# Studio Photography, how do you even start?



## andytakeone (Jun 10, 2015)

I'd imagine if someone wanted to become a studio photographer, photographing models, business photos, ad photos, etc., you would need to first build a portfolio.

But for someone who's just starting out, how do you even build that portfolio?
How do you even begin to practice if you don't have a studio to practice with?

Is building a home studio the only option?
Are there places to practice studio photography?

Thanks.


----------



## MOREGONE (Jun 10, 2015)

There are plenty of better places to start than building your own.

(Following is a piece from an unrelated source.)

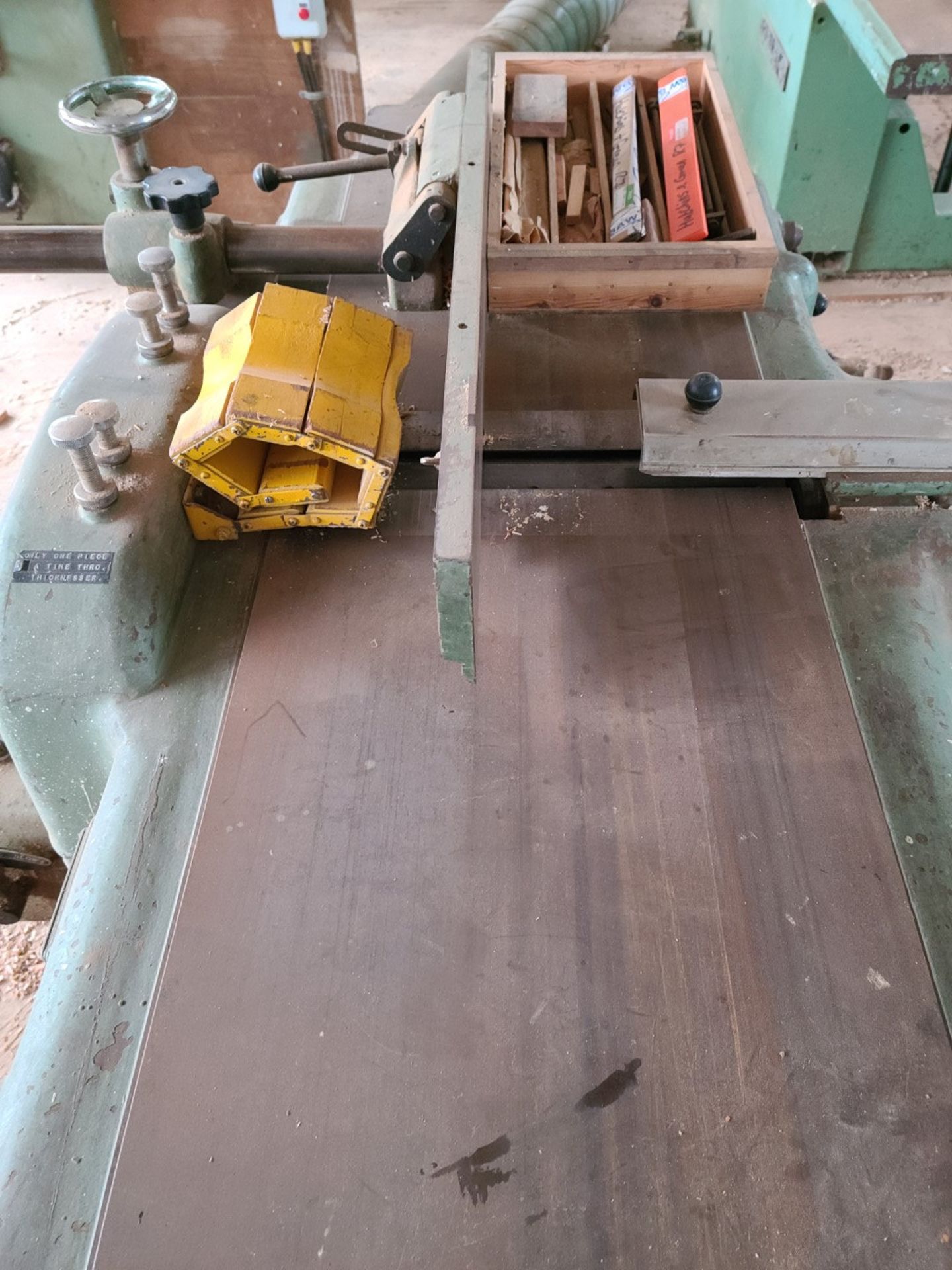 1 x Wadkin 18" Planer Thicknesser - Ref: CNT233 - CL846 - Location: Oxford OX2 - Image 8 of 17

My first go at Studio Photography was a believe it or not, a Groupon for a workshop. It was great and introduced me to some great contacts as well as training.

I would also recommend looking for local Photography Facebook groups or even on Meetup.com. There is one really really active photography club on Facebook and they are always hosting workshops and get togethers etc.

It is called Photographers Adventure Club (PAC) and though I believe Phoenix to be the  largest area represented, they are everywhere. 

facebook.com/groups/photoadventure
or
Home - Photographer s Adventure Club Community


----------



## andytakeone (Jun 10, 2015)

Thanks for the reply,
didn't think of those options.

Will definitely look into it.


----------



## MOREGONE (Jun 10, 2015)

You can always find photographers in your area to see if they need an assistant. Reach out to a few and show them your interest and see if they can find a shoot for you to assist on. May take a couple tries until you find someone but I think you will be able to find someone.

What do you live? Might be helpful


----------



## Braineack (Jun 10, 2015)

Started with one flash, now I have 5 and counting.  Plus a hefty investment in recharagble AA batteries.

using tapatalk.


----------



## andytakeone (Jun 10, 2015)

re: MOREGONE

Cool, that seems like a very good idea as well.

I'll probably work on my portfolio a bit more and learn more about photography for the next month or so since I just started--just so that the people I contact know that I'm serious.

I've been toying around with a dinky Canon point and shoot doing street photography, but my cousin just let me borrow his old Canon Rebel XSi so I can finally start using a DSLR.

I've been mainly doing photoshop for the past couple months.

I live in Toronto, Canada.

re: Braineack

Thanks.


----------



## Derrel (Jun 10, 2015)

Well, the term studio photography is kind of a misnomer, a catch-all description that maybe does not fit everything. Maybe there's a better term, like "artificial lighting photography", or "commercial photography", or even one of the specialty area names, like small product photography, or tabletop photography, or catalogue photography, and so on. There's not just one,single type of studio photography. You can start in any way possible. Moregone's suggestion of a workshop is a great idea. I assume that the Toronto area has some Meetup.com groups, where people who are interested in various types of photography meet up, do shoots, discuss things, and so on.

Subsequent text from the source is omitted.